A suo parere, l’Italia sta facendo abbastanza per orientare le giovani donne agli studi STEM? Negli Stati Uniti va meglio? Cosa bisognerebbe fare per migliorare le cose?

Non vivo in Italia da tanti anni, quindi non mi sento di fare paragoni. Però ritengo che il modo migliore per incoraggiare delle ragazze a considerare gli studi STEM come una possibilità concreta, è quello di esporle a questi campi di ricerca. A Stanford-SLAC, per esempio, esiste un programma estivo in cui vengono selezionate ragazze liceali e vengono invitate a trascorrere una settimana in laboratorio. L`estate scorsa ho partecipato alla loro poster session ed è stato bellissimo vedere il loro entusiasmo. Ecco, io lavorerei in questa direzione, farei in modo che vengano a contatto più diretto con il mondo STEM così che se ne innamorino.

Quale consiglio si sente di dare alle ragazze italiane che amano le materie STEM e vorrebbero intraprendere questa strada?
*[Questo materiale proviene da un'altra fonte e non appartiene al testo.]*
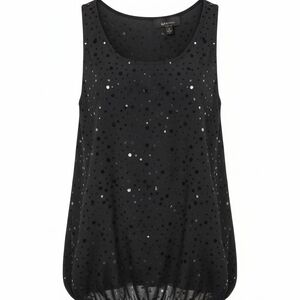 connected apparel Black Sequin Scoop Neck Tank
Innanzitutto di non scoraggiarsi all`idea di essere circondate da uomini, al mio primo anno di università in un corso di oltre 100 studenti, eravamo solo 6 ragazze, ma questo non deve spaventarle, anzi deve dare loro una motivazione in più`, vuol dire che c’è bisogno di loro. Un altro consiglio che mi sento di dare è di partecipare a dei programmi di mentorship, avere un mentor che possa sostenerle e consigliarle è un aiuto importante. Io, per esempio, sono mentor dell`associazione no profit “Lead the Future” che punta proprio a sostenere ed aiutare studenti che scelgono il percorso STEM, e mi accorgo di quanto gli studenti traggano beneficio dalle nostre chiacchierate.